Write out again only the lines between the one with "永恒之塔领奖台（永恒之塔活动公告" and the end of the records below, both ends counted, and don't include the pictures.

--- START ---

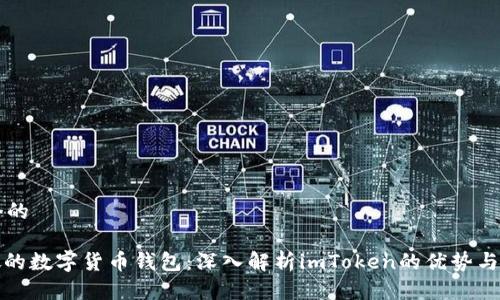 思考一个的

: 新加坡的数字货币钱包：深入解析imToken的优势与使用指南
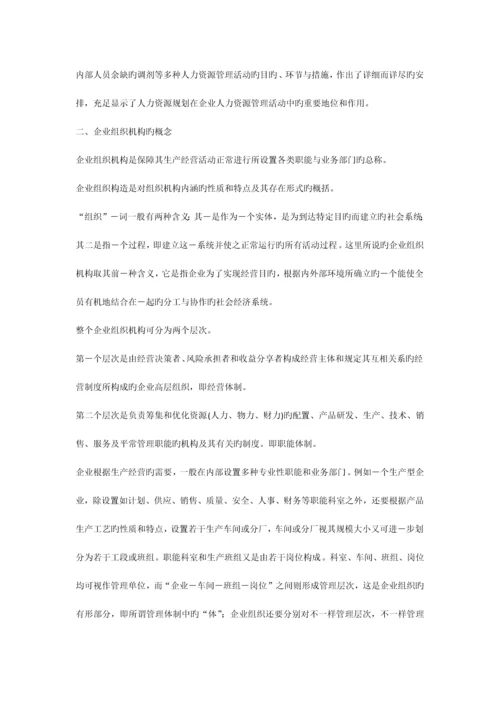 2023年人力资源管理师三级教材.docx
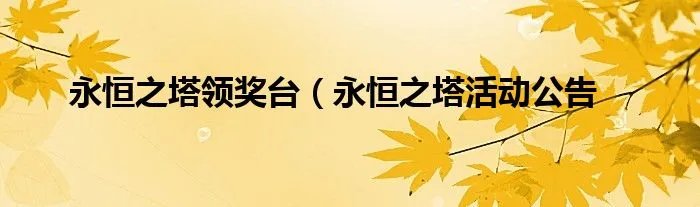 永恒之塔领奖台（永恒之塔活动公告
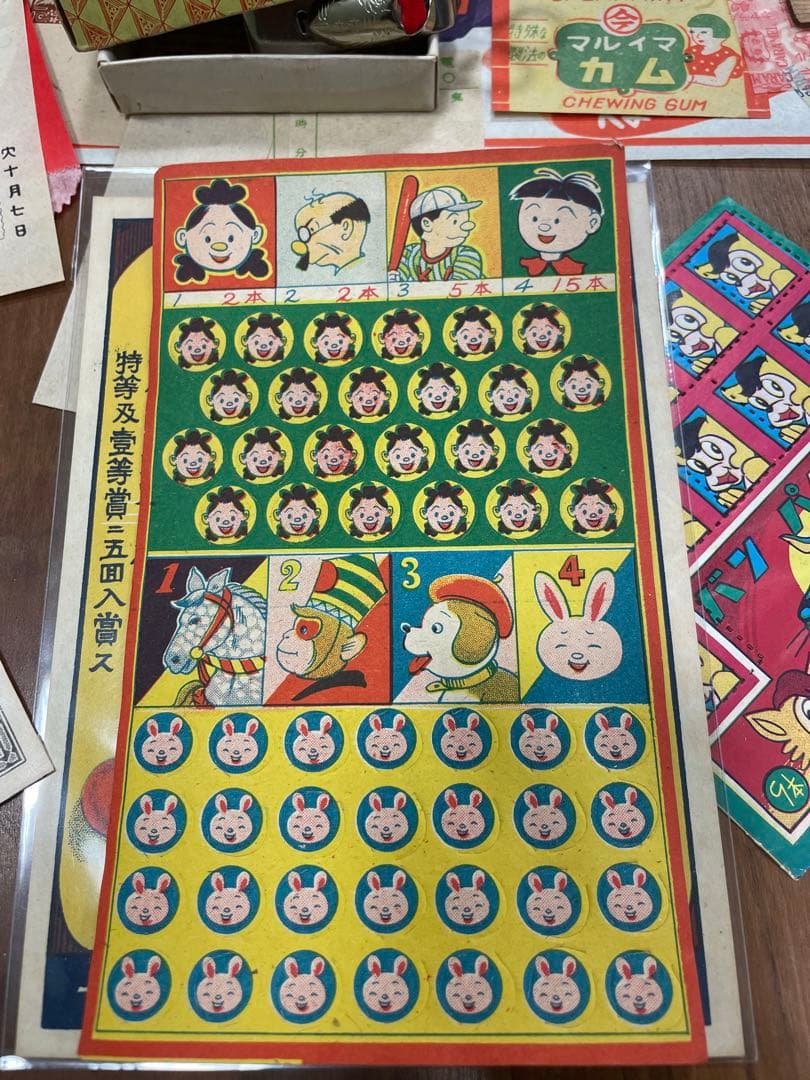 昭和レトロ紙モノ当時もの木箱、アイス袋、クジ、玩具など♡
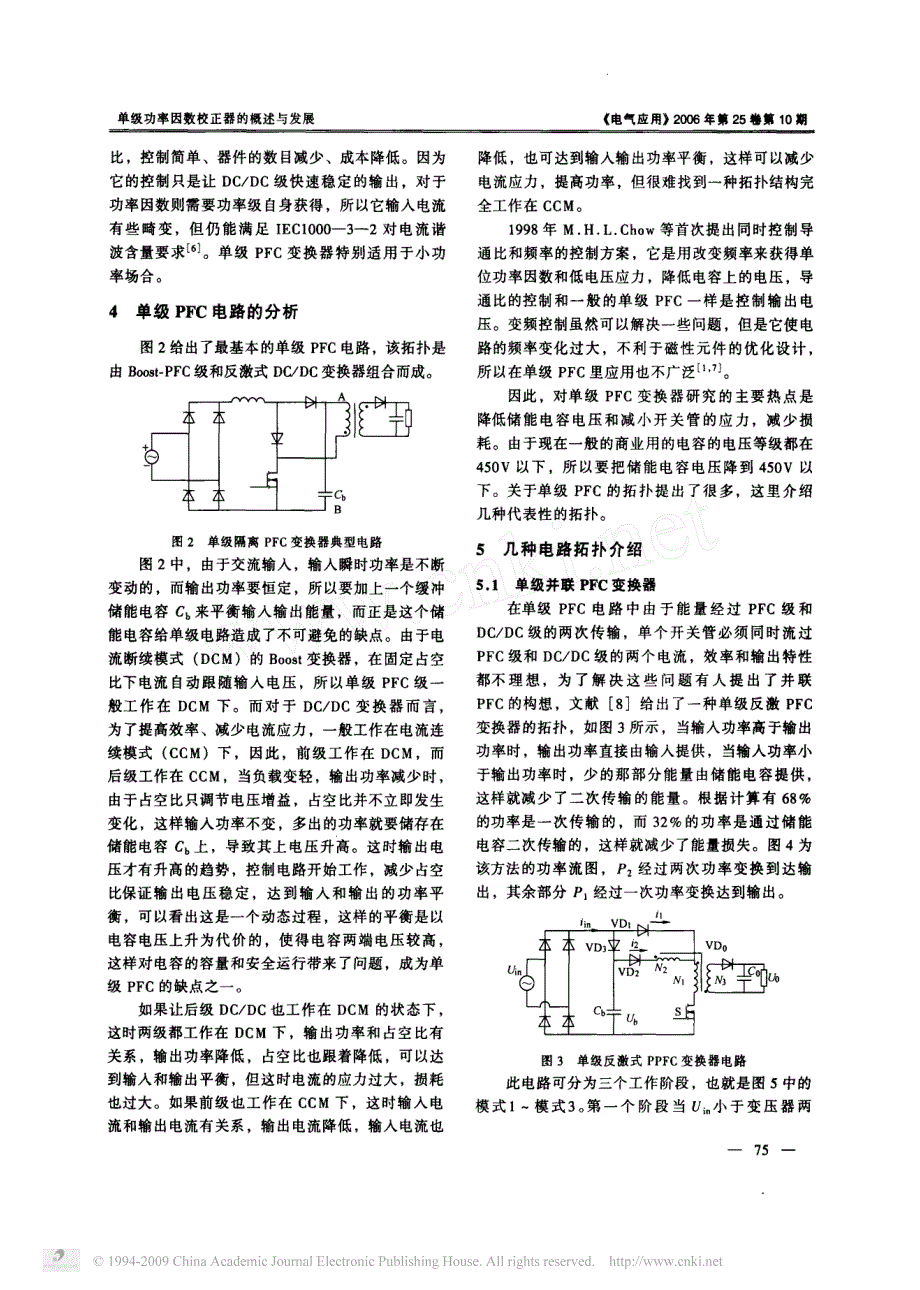 单级功率因数校正器发展_第2页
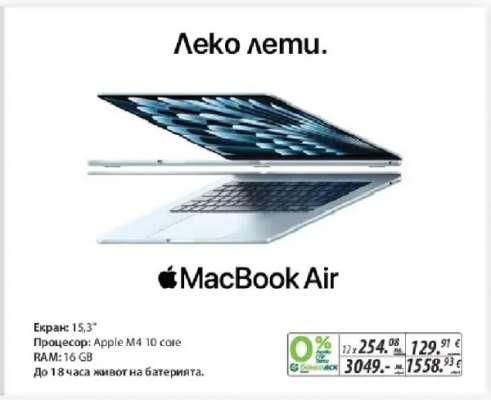 MacBook Air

--- END ---

**PROBLEM SOLUTION**
 永恒之塔领奖台（永恒之塔活动公告
 昭和レトロ紙モノ当時もの木箱、アイス袋、クジ、玩具など♡
 单级功率因数校正器发展_第2页
 MacBook Air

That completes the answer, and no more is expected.